Which Comic Series Should Follow THE WALKING DEAD?

The premiere of AMC's TV adaptation of Robert Kirkman, Tony Moore and Charlie Adlard's The Walking Dead ongoing comic book series apparently did very well in the ratings this past Sunday night.  So well, in fact, that it brought in 5.3 million viewers for a 2.7 rating in the 18-49 key demographic, becoming AMC's highest-rated series ever and beating out CBS mainstay series such as CSI Miami and The Amazing Race.

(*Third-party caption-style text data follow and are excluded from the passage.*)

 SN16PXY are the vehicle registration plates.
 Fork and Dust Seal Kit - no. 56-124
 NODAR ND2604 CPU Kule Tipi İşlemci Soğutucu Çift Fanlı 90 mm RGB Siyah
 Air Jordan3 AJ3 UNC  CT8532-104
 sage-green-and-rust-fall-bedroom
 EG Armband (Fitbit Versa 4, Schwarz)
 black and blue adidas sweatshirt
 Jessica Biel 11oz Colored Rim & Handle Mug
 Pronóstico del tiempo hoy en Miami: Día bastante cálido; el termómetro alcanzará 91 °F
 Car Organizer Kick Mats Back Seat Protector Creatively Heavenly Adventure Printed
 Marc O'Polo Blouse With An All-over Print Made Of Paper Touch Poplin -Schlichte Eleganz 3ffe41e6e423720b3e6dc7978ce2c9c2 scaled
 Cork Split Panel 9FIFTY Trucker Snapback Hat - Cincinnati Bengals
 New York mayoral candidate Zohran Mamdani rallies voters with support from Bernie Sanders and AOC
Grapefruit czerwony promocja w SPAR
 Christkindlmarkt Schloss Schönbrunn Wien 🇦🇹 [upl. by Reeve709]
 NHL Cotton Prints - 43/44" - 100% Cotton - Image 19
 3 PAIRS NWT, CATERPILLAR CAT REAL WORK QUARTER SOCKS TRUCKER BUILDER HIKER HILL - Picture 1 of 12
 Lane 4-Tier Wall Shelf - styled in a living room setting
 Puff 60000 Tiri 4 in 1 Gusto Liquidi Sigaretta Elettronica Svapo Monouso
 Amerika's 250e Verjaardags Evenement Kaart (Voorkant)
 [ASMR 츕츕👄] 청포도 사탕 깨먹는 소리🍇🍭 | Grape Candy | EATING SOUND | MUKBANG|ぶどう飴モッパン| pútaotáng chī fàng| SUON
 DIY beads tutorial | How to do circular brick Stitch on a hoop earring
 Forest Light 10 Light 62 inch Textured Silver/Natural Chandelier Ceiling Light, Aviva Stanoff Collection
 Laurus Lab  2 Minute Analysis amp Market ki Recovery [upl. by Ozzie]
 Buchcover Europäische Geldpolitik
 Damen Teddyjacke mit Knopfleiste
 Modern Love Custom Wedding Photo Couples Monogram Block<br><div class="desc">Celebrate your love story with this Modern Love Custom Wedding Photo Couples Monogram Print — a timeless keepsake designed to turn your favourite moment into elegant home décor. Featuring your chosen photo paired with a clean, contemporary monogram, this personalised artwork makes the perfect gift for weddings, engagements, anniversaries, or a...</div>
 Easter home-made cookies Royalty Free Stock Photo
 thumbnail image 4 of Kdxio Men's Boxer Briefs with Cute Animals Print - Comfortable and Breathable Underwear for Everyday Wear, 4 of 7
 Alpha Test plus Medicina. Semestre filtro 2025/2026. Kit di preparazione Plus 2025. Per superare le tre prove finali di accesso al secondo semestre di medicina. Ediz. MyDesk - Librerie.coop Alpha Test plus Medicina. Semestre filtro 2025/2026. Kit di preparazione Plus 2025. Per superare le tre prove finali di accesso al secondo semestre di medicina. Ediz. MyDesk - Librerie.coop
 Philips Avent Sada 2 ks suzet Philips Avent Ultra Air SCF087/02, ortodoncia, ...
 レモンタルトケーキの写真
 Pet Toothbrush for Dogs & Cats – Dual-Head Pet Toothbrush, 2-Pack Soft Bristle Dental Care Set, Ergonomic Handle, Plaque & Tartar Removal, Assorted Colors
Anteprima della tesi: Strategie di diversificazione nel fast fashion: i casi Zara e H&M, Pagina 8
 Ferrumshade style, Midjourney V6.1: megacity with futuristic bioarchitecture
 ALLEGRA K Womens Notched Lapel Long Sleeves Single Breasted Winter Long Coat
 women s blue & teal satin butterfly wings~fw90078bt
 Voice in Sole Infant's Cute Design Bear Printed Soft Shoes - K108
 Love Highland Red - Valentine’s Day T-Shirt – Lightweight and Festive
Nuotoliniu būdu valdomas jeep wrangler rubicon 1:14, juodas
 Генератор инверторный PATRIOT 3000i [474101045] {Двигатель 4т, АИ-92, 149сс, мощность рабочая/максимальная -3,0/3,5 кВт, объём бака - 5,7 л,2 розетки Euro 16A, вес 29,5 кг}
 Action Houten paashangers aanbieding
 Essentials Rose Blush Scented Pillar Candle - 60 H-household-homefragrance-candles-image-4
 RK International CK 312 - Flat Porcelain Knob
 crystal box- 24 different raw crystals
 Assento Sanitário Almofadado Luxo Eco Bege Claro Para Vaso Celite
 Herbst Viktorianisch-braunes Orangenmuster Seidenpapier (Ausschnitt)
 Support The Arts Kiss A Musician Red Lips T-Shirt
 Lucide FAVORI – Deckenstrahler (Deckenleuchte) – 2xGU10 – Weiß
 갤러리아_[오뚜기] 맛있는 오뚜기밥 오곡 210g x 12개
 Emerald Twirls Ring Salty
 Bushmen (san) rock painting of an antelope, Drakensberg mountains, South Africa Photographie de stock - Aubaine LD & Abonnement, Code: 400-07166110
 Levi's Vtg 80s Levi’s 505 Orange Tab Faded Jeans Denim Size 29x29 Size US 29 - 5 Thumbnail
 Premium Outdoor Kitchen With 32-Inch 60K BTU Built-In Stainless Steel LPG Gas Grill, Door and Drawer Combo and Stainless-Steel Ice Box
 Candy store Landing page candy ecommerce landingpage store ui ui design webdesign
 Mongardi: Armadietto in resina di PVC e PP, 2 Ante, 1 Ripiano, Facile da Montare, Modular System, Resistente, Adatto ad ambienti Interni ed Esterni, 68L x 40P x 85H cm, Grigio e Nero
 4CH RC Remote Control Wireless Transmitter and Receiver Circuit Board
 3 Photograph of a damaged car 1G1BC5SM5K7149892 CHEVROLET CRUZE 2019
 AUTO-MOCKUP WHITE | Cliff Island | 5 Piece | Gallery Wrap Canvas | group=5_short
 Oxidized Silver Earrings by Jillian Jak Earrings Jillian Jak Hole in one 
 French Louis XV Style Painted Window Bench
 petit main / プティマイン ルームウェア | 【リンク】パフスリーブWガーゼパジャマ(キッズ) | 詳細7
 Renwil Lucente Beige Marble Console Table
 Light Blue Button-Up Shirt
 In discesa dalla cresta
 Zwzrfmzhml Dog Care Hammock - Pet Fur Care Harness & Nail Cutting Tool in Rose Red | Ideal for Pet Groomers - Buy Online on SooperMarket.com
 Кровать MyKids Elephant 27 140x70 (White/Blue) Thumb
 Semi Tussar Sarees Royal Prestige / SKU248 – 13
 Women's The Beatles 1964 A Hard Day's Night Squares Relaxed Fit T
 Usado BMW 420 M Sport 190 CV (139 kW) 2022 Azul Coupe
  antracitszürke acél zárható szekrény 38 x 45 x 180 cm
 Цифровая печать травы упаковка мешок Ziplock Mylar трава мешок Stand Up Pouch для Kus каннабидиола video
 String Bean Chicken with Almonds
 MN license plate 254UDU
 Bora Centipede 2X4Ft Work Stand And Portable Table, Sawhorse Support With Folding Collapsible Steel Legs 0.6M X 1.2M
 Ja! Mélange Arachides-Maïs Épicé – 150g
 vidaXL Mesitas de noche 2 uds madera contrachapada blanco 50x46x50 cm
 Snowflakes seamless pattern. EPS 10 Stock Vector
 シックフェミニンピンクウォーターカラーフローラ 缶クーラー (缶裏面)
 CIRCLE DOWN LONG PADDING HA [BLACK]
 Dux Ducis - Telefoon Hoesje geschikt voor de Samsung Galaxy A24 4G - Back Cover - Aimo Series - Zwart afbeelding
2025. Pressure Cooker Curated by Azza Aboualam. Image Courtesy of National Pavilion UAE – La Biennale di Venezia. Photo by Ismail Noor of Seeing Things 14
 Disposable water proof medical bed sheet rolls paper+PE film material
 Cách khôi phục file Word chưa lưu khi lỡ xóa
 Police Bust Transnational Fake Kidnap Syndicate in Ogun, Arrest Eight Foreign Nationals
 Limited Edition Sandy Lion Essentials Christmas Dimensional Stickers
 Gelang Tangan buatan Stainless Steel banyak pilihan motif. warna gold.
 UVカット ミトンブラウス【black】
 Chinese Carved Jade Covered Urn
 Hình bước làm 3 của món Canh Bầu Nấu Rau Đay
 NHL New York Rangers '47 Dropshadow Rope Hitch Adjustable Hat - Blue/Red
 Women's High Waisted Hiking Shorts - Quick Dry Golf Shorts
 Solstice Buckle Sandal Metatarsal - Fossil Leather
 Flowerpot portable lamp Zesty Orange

So given the tendency of other television networks to rapidly jump on hot trends, as opposed to developing one of their own, it only stands to reason that they're already looking around for other comic book series they can mine for a series of their own.  And as you might imagine, it just so happens that I have five suggestions already lined up:

1.  Ex Machina -- This brilliant series by Brian K. Vaughan and Tony Harris examines the life of Mitchell Hundred (also known as The Great Machine), the world's first and only superhero, who, in the wake of his actions on 9/11, is elected Mayor of New York City.  The story is set during Hundred's term in office and interwoven with flashbacks to his past as the Great Machine.  Through this, the series explores both the political situations Hundred finds himself in, and the mysteries surrounding his superpowers that allow him to communicate with and control electronics and machinery.  Essentially, it's The West Wing meets Watchmen, which means it probably would work best on AMC or HBO.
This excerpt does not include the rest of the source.